■ **Exercise**:
Your copy should hold exactly the lines from the one containing "Dice - Chương 229 - Trang 47" through the last line of the entries, and no pictures.

■ **Records for this task**:
+++
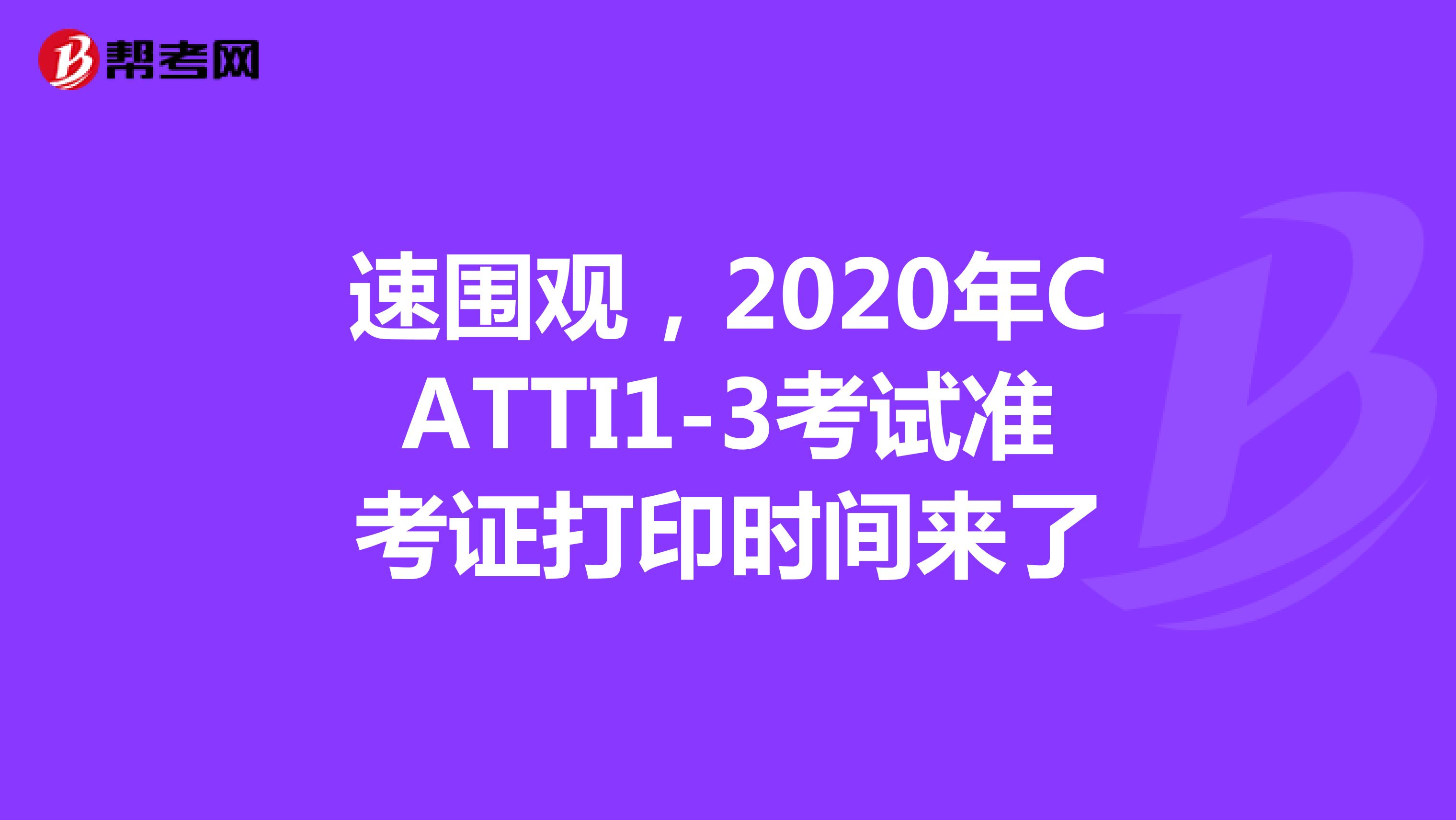 速围观，2020年CATTI1-3考试准考证打印时间来了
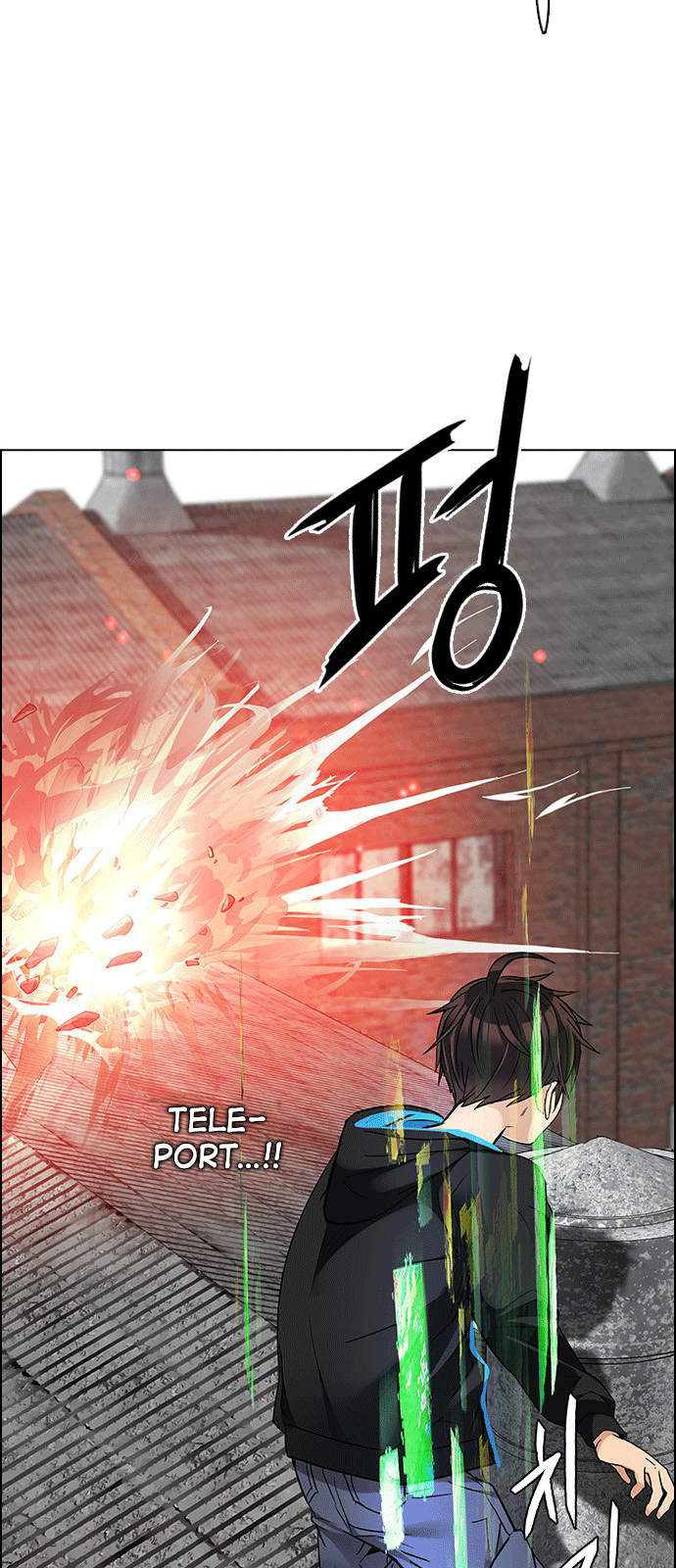 Dice - Chương 229 - Trang 47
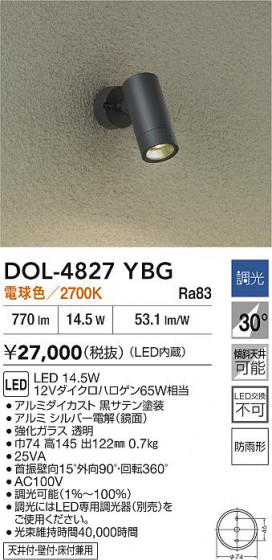 ʼ̿|DAIKO ŵ LEDȥɥݥå DOL-4827YBG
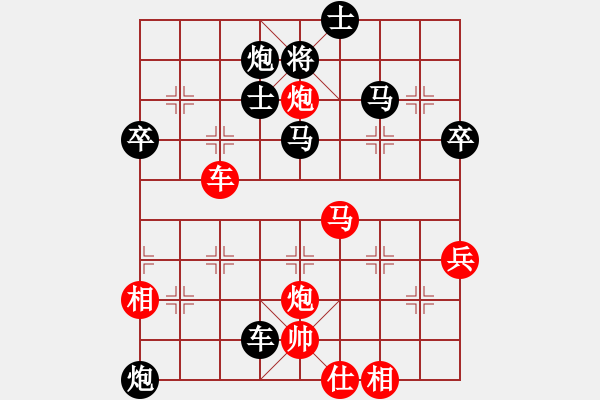 象棋棋譜圖片：8-3局五六炮對(duì)反宮馬 - 步數(shù)：70 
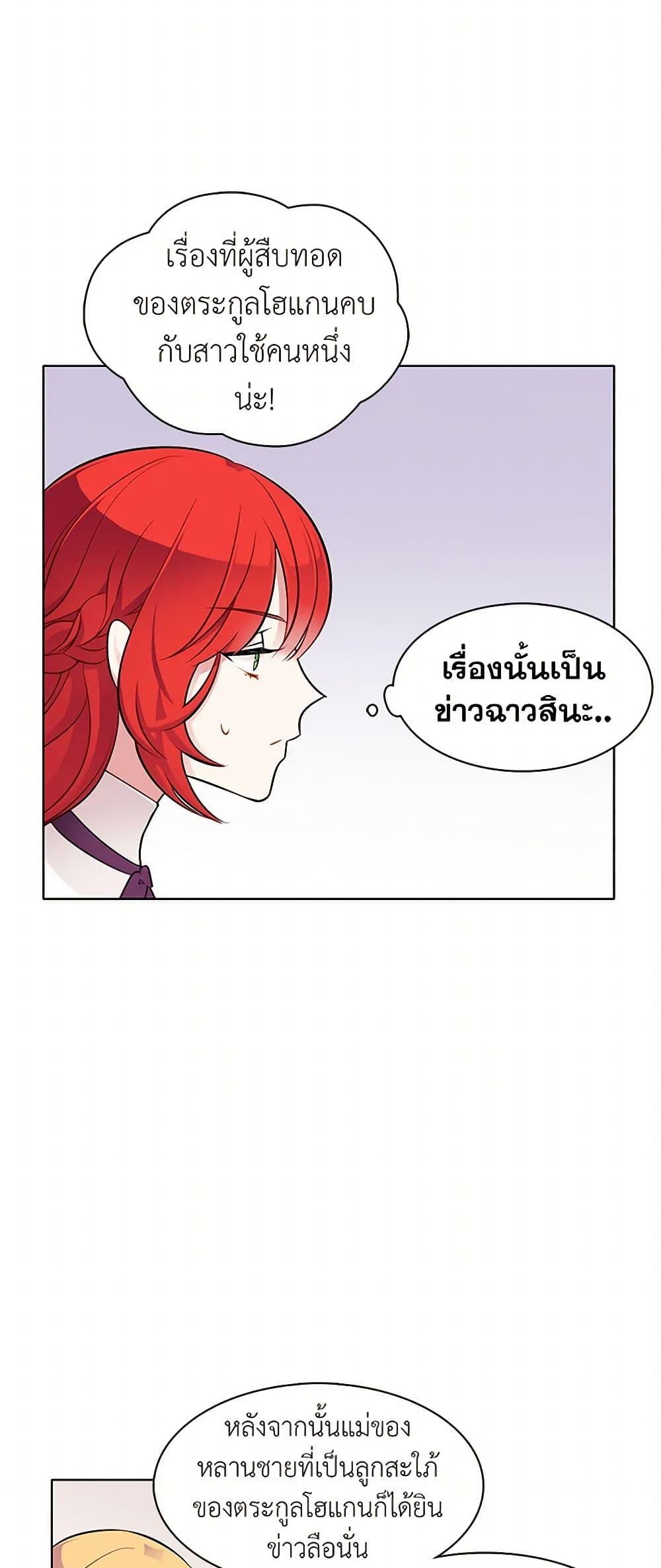 Manga-lc-com อ่านมังงะ อ่านการ์ตูน ออนไลน์ ฟรี The Detective Of Muiella ตอนที่ 1 2 3 4 5 6 7 8 9 10 11 12 13 14 ฟรี ไม่มีโฆษณา Manga-lc - อ่าน มังงะ อ่าน การ์ตูน ออนไลน์ อ่านมังงะ ฟรี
+++
■ **Output for this task**:
 Dice - Chương 229 - Trang 47
 ʼ̿|DAIKO ŵ LEDȥɥݥå DOL-4827YBG
 象棋棋譜圖片：8-3局五六炮對(duì)反宮馬 - 步數(shù)：70 
 Manga-lc-com อ่านมังงะ อ่านการ์ตูน ออนไลน์ ฟรี The Detective Of Muiella ตอนที่ 1 2 3 4 5 6 7 8 9 10 11 12 13 14 ฟรี ไม่มีโฆษณา Manga-lc - อ่าน มังงะ อ่าน การ์ตูน ออนไลน์ อ่านมังงะ ฟรี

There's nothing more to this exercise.